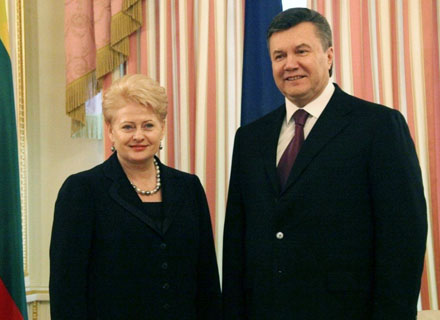 Grybauskaite_Janukovicius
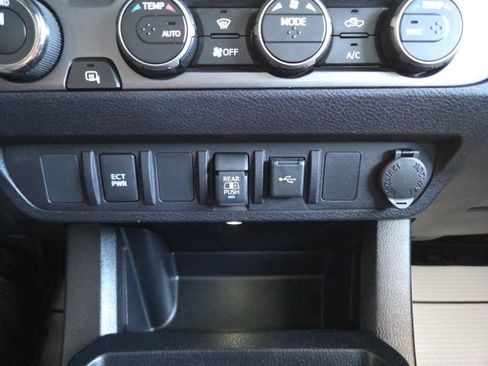 Used 2020 Toyota Tacoma TRD Sport AWD/4WD image 62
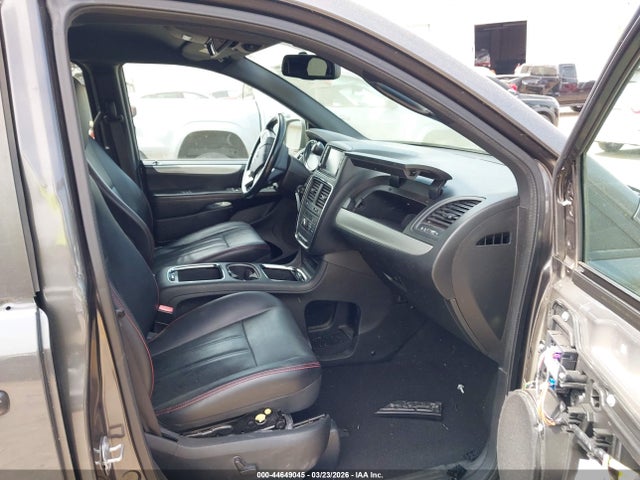 2018 Dodge Grand Caravan Gt მანქანა იყიდება აუქციონზე, vin: 2C4RDGEGXJR327863, აუქციონის ნომერი: 44649045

Task to complete. The data above is to be printed exactly, all of it, except for the pictures.

Answer to this task.
 Grybauskaite_Janukovicius
 Used 2020 Toyota Tacoma TRD Sport AWD/4WD image 62
 2018 Dodge Grand Caravan Gt მანქანა იყიდება აუქციონზე, vin: 2C4RDGEGXJR327863, აუქციონის ნომერი: 44649045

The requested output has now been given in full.